I’m a coach, educator, and the founder of Embrace Your Today, a community focused on helping people rethink their relationships with alcohol and with themselves.

My work centers around a simple belief: People deserve support long before things fall apart.

Most support for alcohol problems begins after someone has already decided to quit.

But many people start questioning their relationship with alcohol long before they’re ready for that kind of decision.

For a long time, our culture has treated addiction and recovery as an all-or-nothing process. People are often told they must hit rock bottom, become fully ready, or commit to lifelong abstinence before change can begin.

But many people don’t change that way.

Change often starts with curiosity - noticing patterns, asking questions, or simply wondering if life might feel different.

I’ve learned that lesson more than once.

When I was 24, I knew my drinking wasn’t helping me. I tried to quit and went to AA looking for support. The people there were kind, but I wasn’t ready to promise sobriety forever. At that point in my life, that kind of commitment felt impossible.

So I left without much support and went back to doing what I had always done.

A decade later my life felt incredibly hard again, and alcohol was part of that. My family encouraged me to stop drinking, but I still wasn’t ready to make a forever decision.

So instead, I tried something simple.

I said I would take 100 days off from drinking and get some help and support along the way. I didn’t want to do it on my own.

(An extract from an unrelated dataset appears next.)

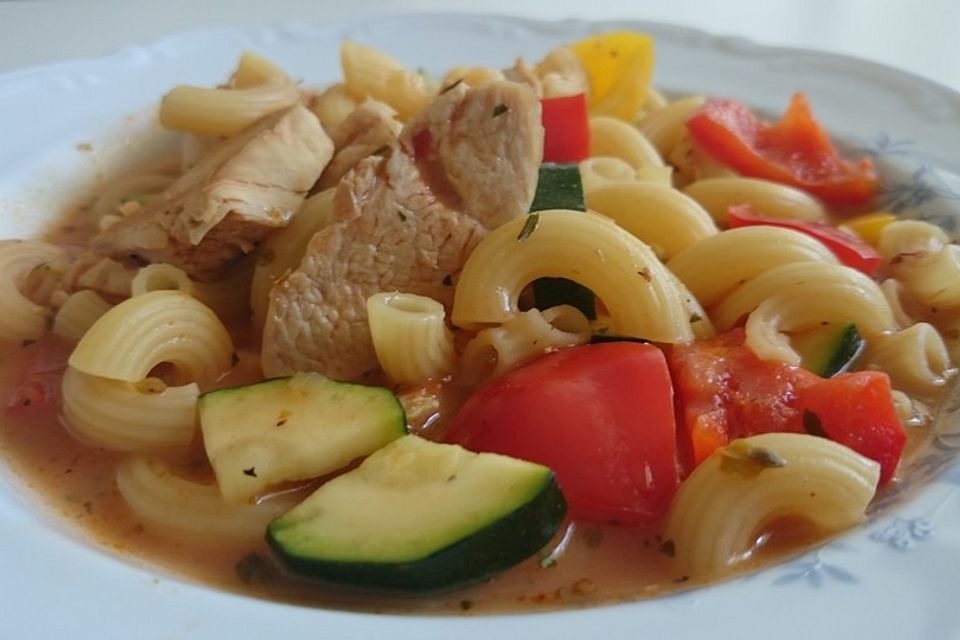 Ancos Puten - Nudelpfanne mit Paprika und Zucchini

It wasn’t a commitment to sobriety. It was simply a chance to step back, pay attention, and see what I might learn.

During that break I started noticing things - how alcohol affected my stress, my mood, and the way I showed up in my life.

That small experiment eventually led me to choose sobriety. But the real shift wasn’t the alcohol itself.

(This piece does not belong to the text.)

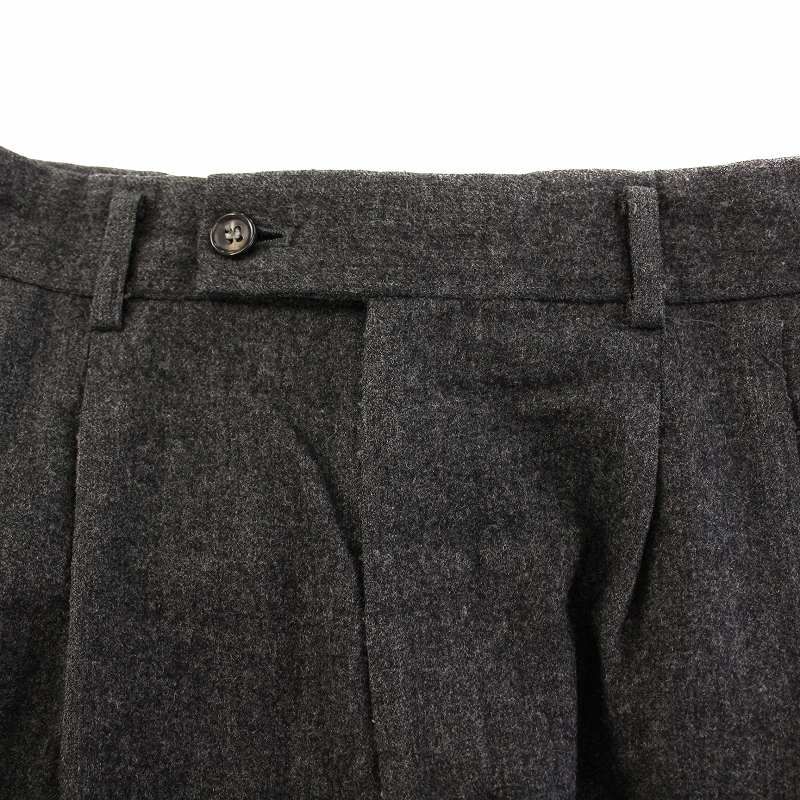 スラックス タック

The real shift was learning how to understand myself.

That process led me to study behavior change, mindfulness, and positive psychology, and eventually into coaching and teaching.

Today my work focuses on helping people explore their relationship with alcohol and with themselves.

Sometimes that exploration leads to sobriety.
Sometimes it leads to drinking less or drinking differently.
Sometimes it simply leads to living with more awareness and intention.

All of those paths deserve support.

Many people who begin questioning their relationship with alcohol don’t have many places to turn. Most support still begins after someone has already decided to quit.

A big part of my work is creating space for people earlier in that process - when they’re still questioning, experimenting, and trying to understand what they want for their lives.

Because lasting change rarely begins with a declaration.

More often, it begins with curiosity, support, and the willingness to try something different.

I live in Colorado with my wife and our two daughters. When I’m not coaching or teaching, you’ll usually find me outside hiking, reading something new, or watching documentaries - and occasionally, some truly trashy TV. I have a serious weakness for cupcakes and ice cream, and I’m always on the hunt for a great scoop.